"As was pointed out in the latest issue of The Privateer, a crash dive on U.S. markets was a clear and present danger last week. Because of that, the U.S. and the G-7 decided to prop up the Euro because weak European earnings was being blamed by many U.S. companies for the fall off in their earnings. A week later, the Euro has not crashed UP, it has merely stopped going down against the Dollar. And U.S. markets have not recovered, the earnings reports have simply gotten worse."
Gold Commentary: Sept 29
Since the G-7 intervention on September 22, here's what has happened. The Fed met and did what everyone expected them to do, they left interest rates alone. The ECB (European Central Bank) met and did what few expected them to do, they raised rates by 0.25%. The Euro, which was the object of the intervenion exercise, staged a very short-term "recovery" and is now subsiding ominously again against the Dollar. And Gold has been sliding slowly but surely in $US terms, on desultory volume, with very low levels of open interest. The spot future close on Oct. 6 was a low for the year, $US 0.40 below the previous low close set on Sept. 20 - two days before the intervention took place.

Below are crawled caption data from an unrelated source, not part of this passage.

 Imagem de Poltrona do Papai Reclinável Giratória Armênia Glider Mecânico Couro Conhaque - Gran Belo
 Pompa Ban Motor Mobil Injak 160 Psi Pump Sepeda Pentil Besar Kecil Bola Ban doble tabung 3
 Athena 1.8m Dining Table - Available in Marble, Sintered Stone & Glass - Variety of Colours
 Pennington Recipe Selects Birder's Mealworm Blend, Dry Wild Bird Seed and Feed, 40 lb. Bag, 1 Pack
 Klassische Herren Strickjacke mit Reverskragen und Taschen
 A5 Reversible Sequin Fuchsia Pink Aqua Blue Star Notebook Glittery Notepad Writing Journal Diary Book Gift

As we reported in the Late September issue of The Privateer, the surprise G-7 currency intervention was preceeded (by one day) by the first of what has now become a litany of bad profits and earnings forecasts and results from U.S. companies. Intel reported that third quarter earnings would be up to 33% below street estimates and duly saw its stock savaged by 20%. The reason, according to Intel and almost all the companies that have followed it (Gillette, Apple, Xerox, Dell, etc. etc.) has been low European sales brought about by the low Euro.

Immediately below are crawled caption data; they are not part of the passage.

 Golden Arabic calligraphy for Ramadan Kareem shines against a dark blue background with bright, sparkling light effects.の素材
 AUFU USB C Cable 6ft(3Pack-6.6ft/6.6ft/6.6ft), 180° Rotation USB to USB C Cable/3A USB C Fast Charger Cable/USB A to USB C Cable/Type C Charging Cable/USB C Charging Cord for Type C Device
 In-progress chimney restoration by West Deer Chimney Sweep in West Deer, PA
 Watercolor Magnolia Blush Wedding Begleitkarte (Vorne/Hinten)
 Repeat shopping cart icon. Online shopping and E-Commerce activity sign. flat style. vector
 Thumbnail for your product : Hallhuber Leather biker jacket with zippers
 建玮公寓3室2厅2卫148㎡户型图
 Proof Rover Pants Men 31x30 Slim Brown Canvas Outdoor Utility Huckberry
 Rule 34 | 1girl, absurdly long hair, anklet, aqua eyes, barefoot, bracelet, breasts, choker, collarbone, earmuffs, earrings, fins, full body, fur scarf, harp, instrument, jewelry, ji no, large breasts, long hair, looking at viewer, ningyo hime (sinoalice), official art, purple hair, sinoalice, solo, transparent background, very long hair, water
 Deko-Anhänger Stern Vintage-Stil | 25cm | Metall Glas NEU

So, the Euro had to be pushed up. So, all the G-7 Central Bankers got together and attempted to do just that. So far, the results have not been what they might have wished for. The Euro has merely stopped falling. Worse, U.S. stock markets have NOT stopped falling.

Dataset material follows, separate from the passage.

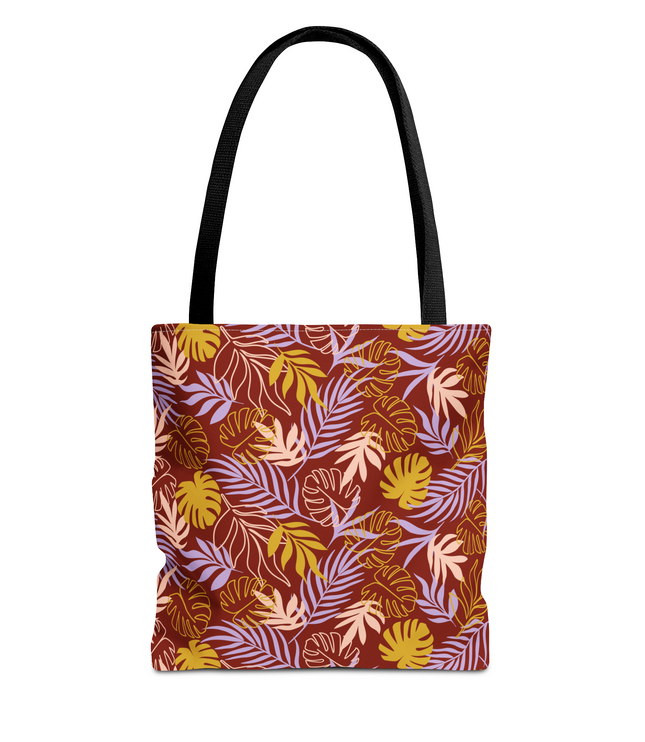 Maroon Tropical Leaf All Over Print Tote Bag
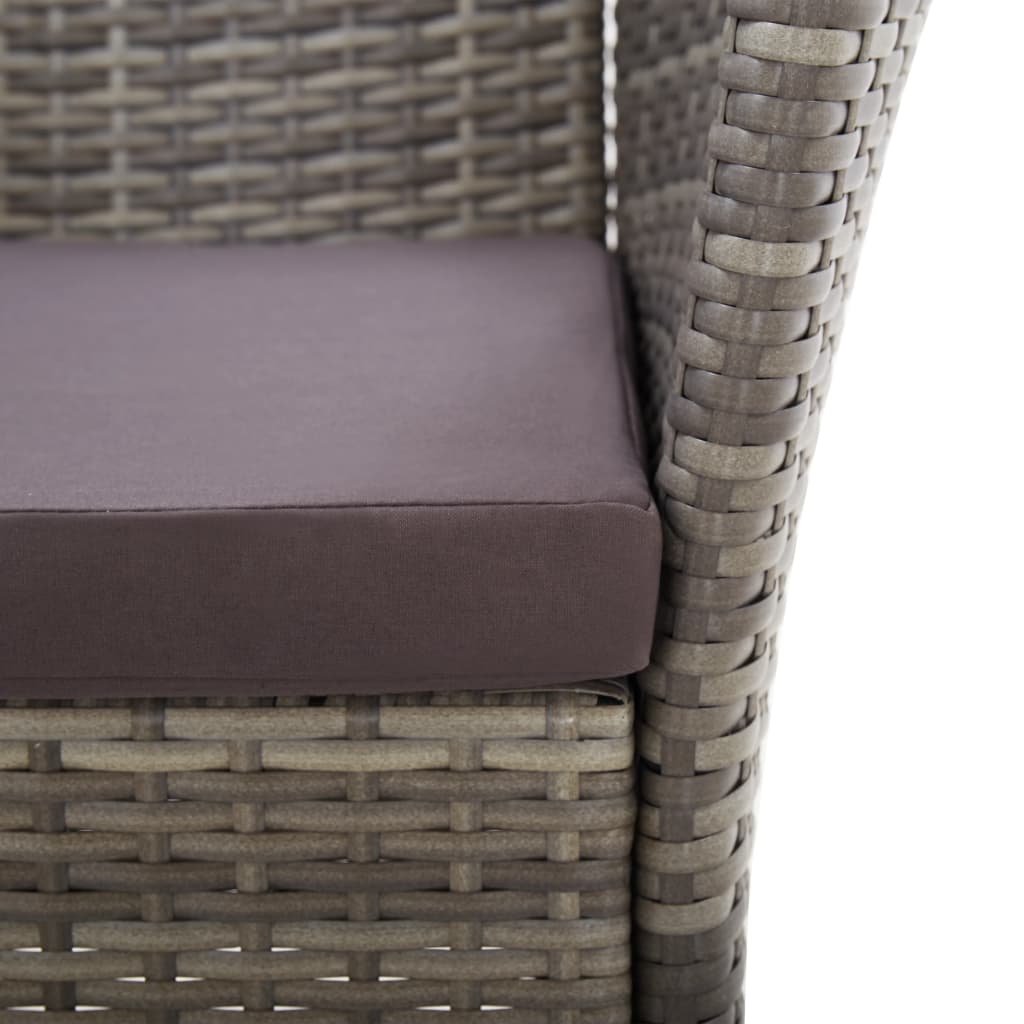 Sedie da Giardino 2 pz con Cuscini in Polyrattan Grigio 46003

In the midst of all this, Gold has been shunted firmly off the stage. Not at all surprising, when you consider the fact that the very LAST thing that anyone in the U.S. financial establishment (or anyone elses financial establishment) wants people to look at is the Gold price when they are trying to manipulate the exchange level of the world's Reserve Currency.
Thus, the attempt is being made to assure everyone that it is "business as usual". Treasury Secretary Summers was still insisting that he maintained a "Strong U.S. Dollar Policy" even while he was contributing to the intervention. Since then, he has not been heard from. And the Fed was certainly not going to do anything to draw attention to themselves, so they unanimously decided to do nothing when the FOMC met on October 3.
The first of three Presidential "debates" is now history. the VP candidates have had their one and only face to face square off. Still, according to the polls, it is too close to call.
One thing that is not too close to call is the fact that the central girder supporting the platform of BOTH major parties is the continuing economic "prosperity" of the U.S.. The Democrats and the Republicans differ on how they want to spend all the money flowing into government coffers as a result of this "prosperity". Neither party contemplates for a second the possibility that the "prosperity" might be fraying at the edges.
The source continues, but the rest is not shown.